Building one closer to lake erie would seem wiser....hmmm

Outdoor Hub mobile, the outdoor information engine


----------



## Lundfish (Apr 7, 2010)

FISHIN216 said:


> Building one closer to lake erie would seem wiser....hmmm
> 
> Outdoor Hub mobile, the outdoor information engine


It's probably going to be geared more towards hunters. As there is a ton of hunting down south especially for deer.
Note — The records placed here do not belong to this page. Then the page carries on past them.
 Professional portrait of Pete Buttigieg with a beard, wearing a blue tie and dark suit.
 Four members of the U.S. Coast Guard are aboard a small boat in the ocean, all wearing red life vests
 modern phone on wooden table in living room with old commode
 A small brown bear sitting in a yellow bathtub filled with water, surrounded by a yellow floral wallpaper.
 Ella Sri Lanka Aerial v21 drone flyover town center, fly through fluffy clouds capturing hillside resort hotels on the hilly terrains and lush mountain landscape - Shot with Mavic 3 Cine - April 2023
The cabelas in Dundee is not far from the western end of Erie that is the most popular for fishing. I can get there in 50 minutes.


----------



## clip (Oct 25, 2007)

Dundee Mi. Is between Lake Erie and lake Michigan plus we also have a Bass Pro and a Gander Mountain in the Toledo area. Most people see the mega retailers as a big plus for their area until the trickle down closes their favorite boat dealer or tackle shop I doubt this will be the end of stores like Mad River but it will effect many others, and the Polaris area is already a cluster ****. In the last few years many good quality gear manufacturers have pulled out of Cabela's stores rather than constantly get beat up on cost terms. I've shopped at the big boys when it was necessary but I still prefer the local guy.


----------



## Fuzzygrub (Nov 1, 2008)

Thanks for the heads up Josh. Polaris is five minutes from my home. YEE-HAW!!!


----------



## brandon0891 (Mar 5, 2008)

There goes my paycheck


----------



## master of steel (Oct 12, 2008)

The online store is great, but the stores are overrated with very little selection, even the one in Michigan. Like I've said before, I'll support the little guy over the corporate stores that try to put them out of business and in most cases fail.


----------



## JFeeds (Apr 14, 2008)

The Wheeling location is closer to me, but I'm down in Columbus a bunch for football season, so I'll have to check it out once its open. For what its worth also, there's a Sonic in Polaris.


----------



## Snakecharmer (Apr 9, 2008)

Sad.....Now they will have to start charging sales tax on online orders...............


----------



## nforkoutfitters (Jan 25, 2010)

master of steel said:


> The online store is great, but the stores are overrated with very little selection, even the one in Michigan. Like I've said before, I'll support the little guy over the corporate stores that try to put them out of business and in most cases fail.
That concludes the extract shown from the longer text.